L’arrêt des combats auquel appela le maréchal Pétain le 17 juin signa son entrée en résistance. Ayant appris que le général de Gaulle poursuivait le combat en exil, par-delà la Manche, le  jeune étudiant se mit immédiatement en route pour l’Angleterre. Ce fut pour lui un voyage initiatique : ses tentatives pour s’envoler vers Londres depuis Bordeaux, pour gagner l’Espagne à partir de Tarbes, pour embarquer vers l’Angleterre au départ de Bayonne furent autant  d’échecs qui transformèrent l’adolescent aventureux en adulte persévérant.
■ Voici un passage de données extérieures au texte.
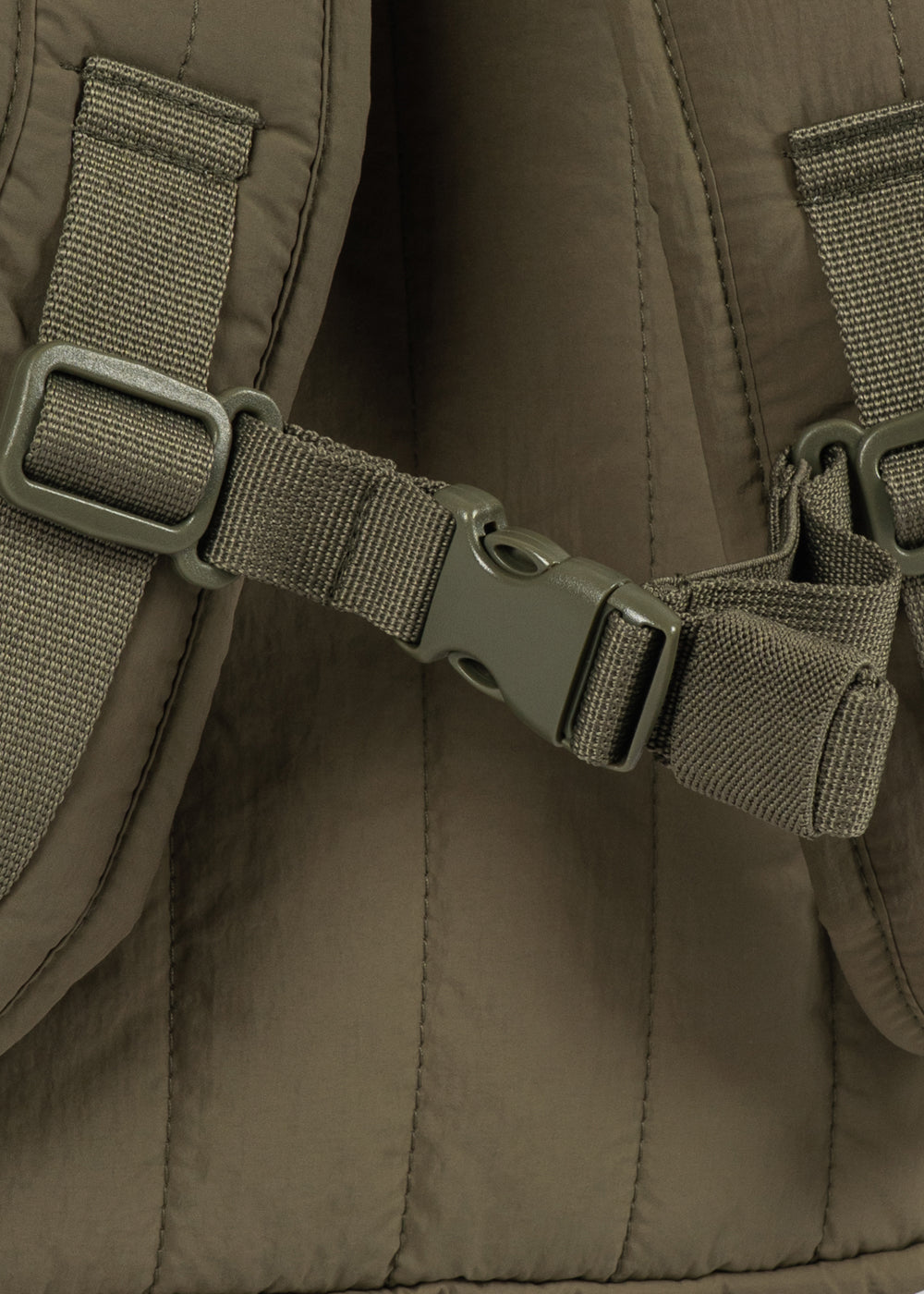 Konges Sløjd Juno Backpack - Kalamata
Le 24 juin 1940, enfin, résistant au tangage, sa valise à bout de bras, il s’agrippa au filet d’un cargo britannique qui quittait le port de Saint-Jean-de-Luz, et mettait le cap sur Liverpool. 

Affecté dans l’artillerie des Forces Françaises libres, il prit part à l’expédition qui tenta, en vain,  de rallier à la France libre l’Afrique occidentale française. A l’échec de Dakar succédèrent cinq semaines de combats fratricides lors de la campagne de Syrie. Il connut alors sa première expérience du désert, du sable qui ralentit tous les élans, du soleil qui emprisonne chaque soldat  dans une camisole de feu, et du manque d’eau qui les pousse à laver leurs affaires à l’essence plutôt que d’épuiser leurs gourdes. Il s’y aguerrit ensuite, combattant dans le reg libyen à Bir Hakeim, puis dans le désert égyptien à El Alamein, deux victoires éclatantes pour les forces alliées. 

Brigadier chargé des transmissions et de l’observation, Pierre Simonet tirait les lignes téléphoniques entre son central, la batterie et le poste d’observation, n’abandonnant son poste qu’au dernier moment comme en ce 16 mars 1942 : alors qu’une dizaine de chars allemands  approchait à pleine vitesse et que le capitaine avait donné l’ordre de décrocher, il débrancha les  fils, attrapa son central téléphonique et, lesté de cinq kilos de matériel, se mit à courir vers son véhicule. A découvert sous les tirs des mitrailleuses allemandes, il put rejoindre la colonne et rentrer indemne au camp. A 21 ans, il avait déjà connu la soif, frôlé la mort, vécu l’enfer des  combats, et reçu ses deux premières citations. 

Sentinelle du désert, Pierre Simonet devint ensuite guetteur des cieux lors de la campagne d’Italie puis du Débarquement en Provence, ayant été affecté au peloton d’observation aérienne. Aigle planant au-dessus des lignes ennemies, il perçait à jour les positions allemandes pour  guider le feu allié et piquait sur sa proie lorsqu’il fallait arrêter le tir d’une batterie adverse. De  son cockpit, le sous-lieutenant Simonet fut ainsi acteur et spectateur de la libération de Rome, puis de la libération de la France. A l’issue des campagnes d’Italie et de France, son compteur affichait 250 heures de vol et 137 missions de guerre, qui lui valurent 5 citations et sa désignation comme Compagnon de la Libération le 27 décembre 1945. 

Devenu administrateur de la France d’Outre-Mer, en Indochine puis au Cameroun, il prolongea  par la suite le nomadisme qui avait été celui de sa jeunesse comme de son engagement dans la guerre. Puis il intégra la fonction publique internationale : du Mékong où il accomplissait une mission pour l'alimentation et l'agriculture, il s’envola pour l’Iran où il fut affecté par l’ONU comme conseiller en statistiques économiques, et termina sa carrière comme économiste puis  conseiller à l’OCDE et au FMI avant de se retirer en Provence.  

Pierre Simonet était bien un héros : il avait beau refuser ce titre, il en possédait tous les  attributs – le courage, la force morale, le sens du devoir. Le Président de la République salue la vie de cet homme animé du souffle de la liberté qui, par-delà les risques et les frontières, fut  toujours guidé par son immense amour de la France. Il adresse à sa famille, ses proches et ses frères d’armes ses condoléances attristées.